Pues sí. Algo de verdad tendría la canción cuando decía cambia, todo cambia. Basta repasar las portadas de los periódicos de esta semana para comprobar, con mayor tristeza o alegría –cada quién sabrá–, que la realidad se mueve tan rápido que a nuestro entendimiento le cuesta ponerse al día. Ocurre en lo serio, en lo superficial y, seguramente, en lo personal. En ocasiones incluso, las noticias son tan inesperadas que se nos clavan en el corazón y nos duele hasta la existencia. De la noche a la mañana, toda nuestra realidad se vuelve frágil y sentimos que nos hemos equivocado de época y que desde luego nada volverá a ser como antes.

Quizás la mayor tentación en la vivencia del tiempo es pensar que siempre será igual. Como si cada instante se congelase, pensamos que el ahora se perpetuará a lo largo del tiempo. Que nada cambia. Que lo personal, pero también lo institucional, lo político, lo deportivo, lo cultural o lo social será una constante sin variación. Si las cosas fluyen, pensamos que tenemos ADN de ganadores y nada ni nadie nos podrá detener. Nos comportamos como si el fracaso, la zozobra y las lágrimas fueran para otros porque nosotros hemos nacido con flor. Y si nos va mal, o la penumbra inunda todo, creemos que el mañana siempre será así.
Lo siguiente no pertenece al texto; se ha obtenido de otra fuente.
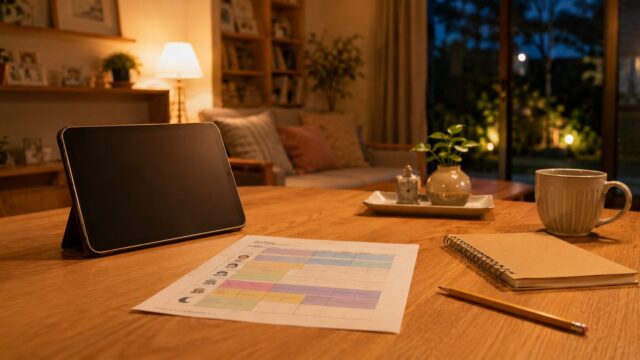 スマイルゼミの学習時間を家庭で考えるイメージ
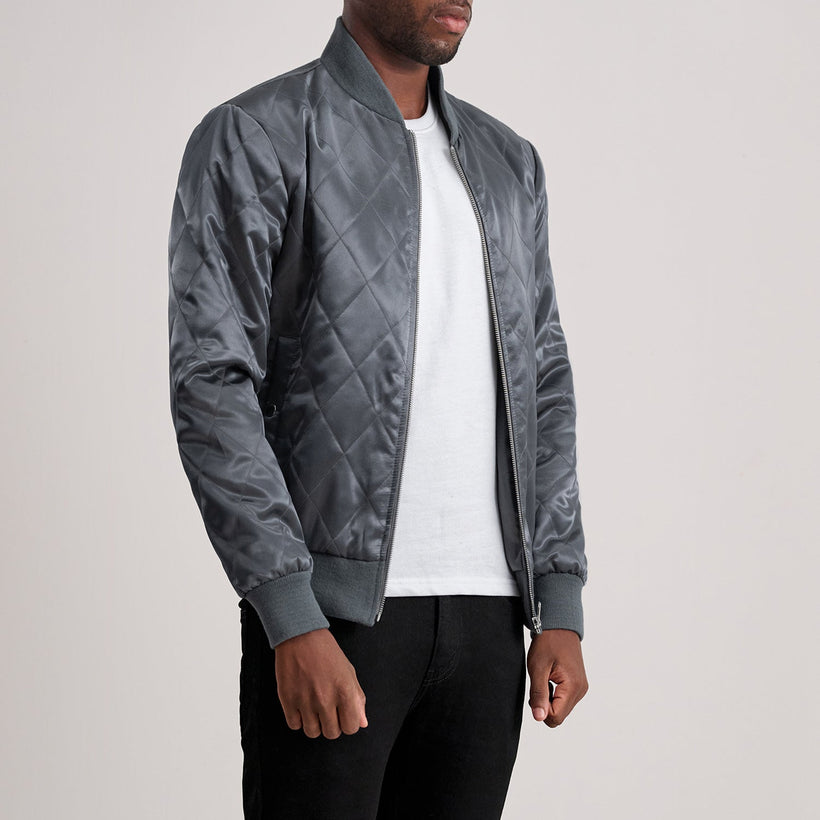 Danson Gesteppt Grau Varsity Lederjacke für Herren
Nos llegamos a creer que vivimos en tiempos casi apocalípticos y que nos encontramos en el ocaso de una generación dorada donde todo apunta a un triste final y es conveniente aceptar que –como dicen en otra canción– cualquier tiempo pasado fue mejor.

El tiempo cambia. Sí. Pero es tan irregular que nunca podrá ser controlado ni determinado por nuestro espíritu nostálgico o entusiasta. Ya nos toque ganar o perder, el futuro no va a ser siempre radiante o desolador. Tendrá un poco de cada color. No se trata de caer en la falsa ingenuidad, sino pensar que la crisis –del tipo que sea– es también oportunidad de mejora y de crecimiento. El mañana, aunque se nos olvide constantemente, no depende solo de nosotros. La incertidumbre no puede impedirnos reconocer que el futuro –sencillamente por ser de Dios– es algo bueno. Por mucho que nos cueste creerlo, conviene recordarnos una y otra vez que –ahora toca película– nunca llueve eternamente.